While the Proposal would not extend to non-derivative positions (such as stock, securities or physical commodities) on a stand-alone basis, the Proposal would require mark to market taxation for any non-derivative that is part of a tax straddle with a derivative (referred to as a mixed straddle). Under this mixed straddle rule, all positions would be marked to market as ordinary income or loss. Any pre-straddle gains on non-derivative positions held prior to entering into the straddle would be recognized at the time the straddle is entered into. Pre-straddle losses, however, would be deferred until the non-derivative position is disposed of in an otherwise taxable transaction.

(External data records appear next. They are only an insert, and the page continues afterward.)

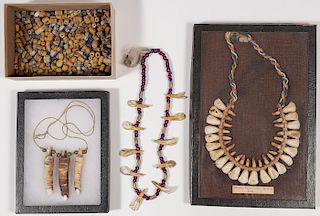 A GROUP OF NECKLACES AND BEADS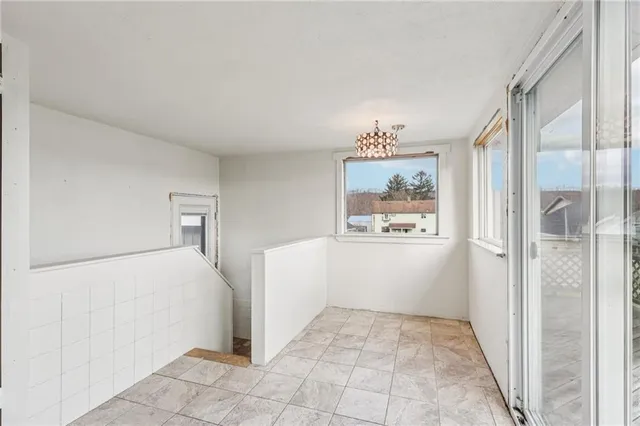 a kitchen with stainless steel appliances a refrigerator and a sink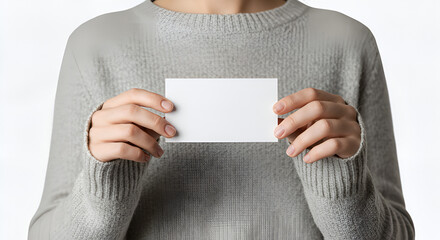 Woman presenting blank card in hands for business, isolated on white backdrop
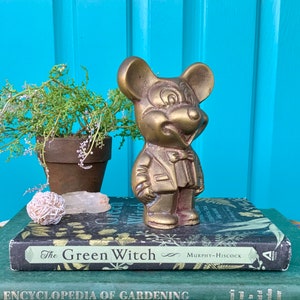 Op de afbeelding: Een messing beeldje van Mickey Mouse met een pak en strikje. Het beeldje staat op een stapel boeken met de titel "The Green Witch" zichtbaar.
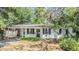 One story home with carport and mature trees and landscaping in the front yard at 7603 N 53Rd St, Tampa, FL 33617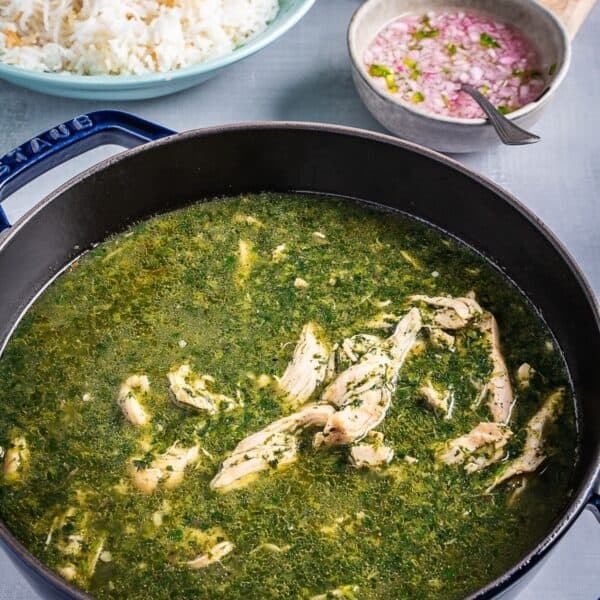 A pot of molokhia stew with a side of rice, chopped onions and lemons.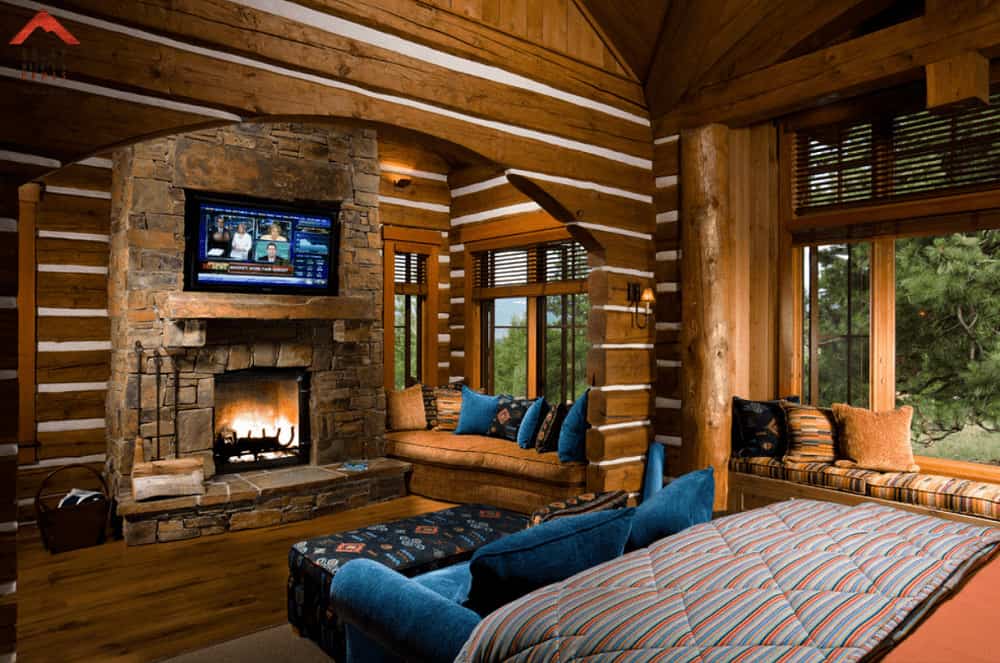 Blue velvet pillows and sofa add a nice accent in this brown primary bedroom with window seat nooks and wall mount TV that hung above the stone brick fireplace.
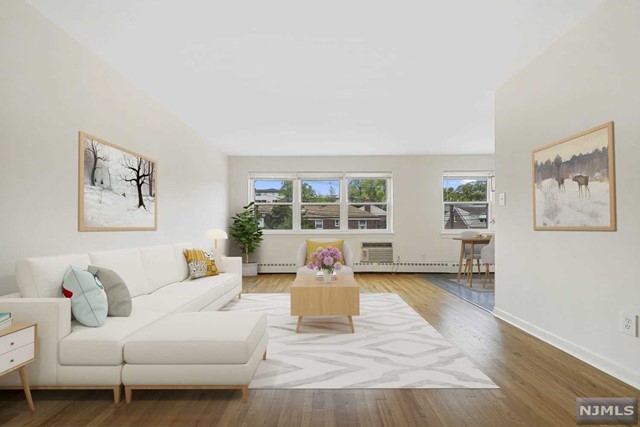 a living room with furniture window and wooden floor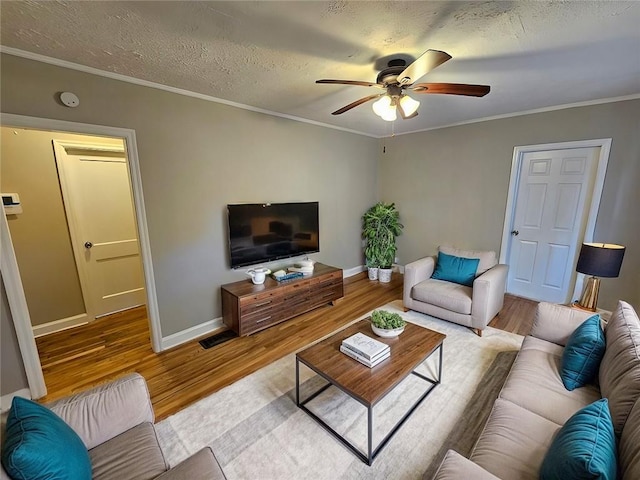 living room with light wood-type flooring, ceiling fan, crown molding, and a textured ceiling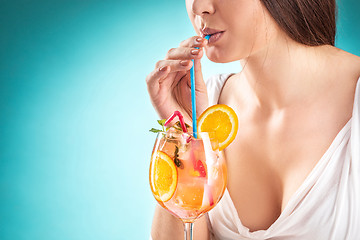 Image showing The pretty woman drinking cocktail. Emotion. Hairstyle.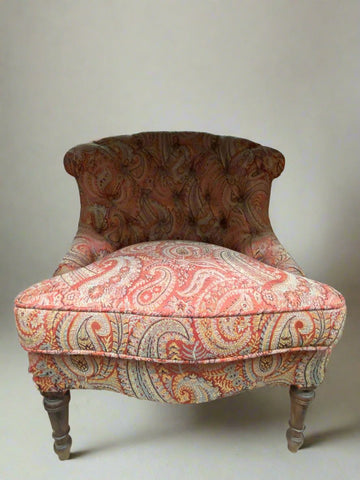 Pink paisley lounge chair with a low buttoned back.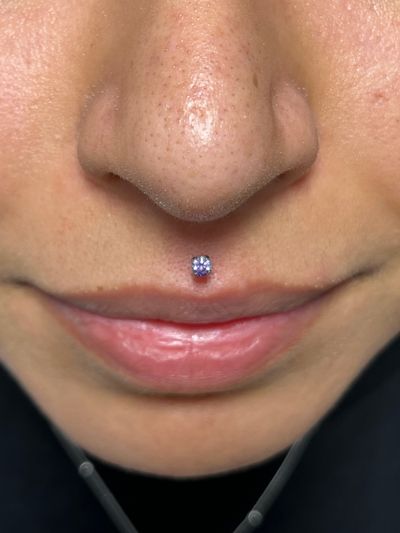 Medusa piercing with Threadless by NeoMetal by Harley at Platinum Tattoos & Piercings, San Antonio TX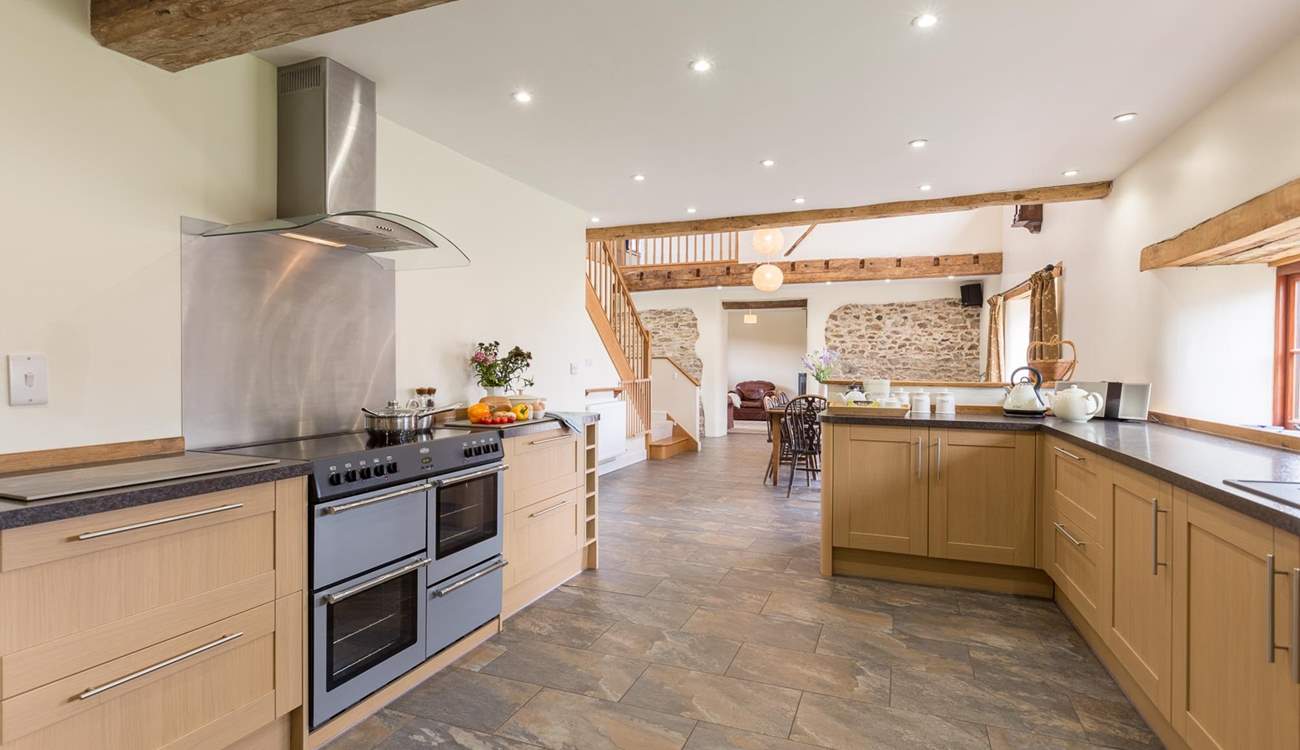 There is a superbly equipped kitchen, including a full-size fridge. The space is open plan to the rest of the living-area so very sociable.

To determine the amount of mark to market gain or loss on derivative positions, the Proposal would grant regulatory authority to allow taxpayers to rely on the fair market value of the derivatives that taxpayers report for financial or credit purposes. Such regulatory authority, however, does not solve the problems that will likely arise in determining the value of illiquid or long-dated products.
The Proposal applies to all derivatives, as broadly defined, subject to two exceptions. First, derivatives used by businesses as tax hedges to mitigate the risks of price, currency and interest rate changes in their business operations would be exempt from mark to market. Another exception would be provided for certain—but not all—derivatives relating to real estate (such as options to acquire real estate).
Several tax law provisions would be repealed because of imposition of mark to market taxation and uniform ordinary income for derivatives, such as the 60/40 tax treatment currently available to Section 1256 contracts (including domestic futures contracts and non-equity options).
Debt instruments with embedded derivatives would be bifurcated into their debt and derivative components, with the derivative component being marked to market. For example, a convertible security would be treated as a separate non-convertible debt instrument and an equity option. A debt instrument would not be treated as having an embedded derivative, however, if it is (1) denominated in or specifies payments by reference to a nonfunctional currency, (2) a contingent payment debt instrument, (3) a variable rate debt instrument or (4) a debt with an alternative payment schedule.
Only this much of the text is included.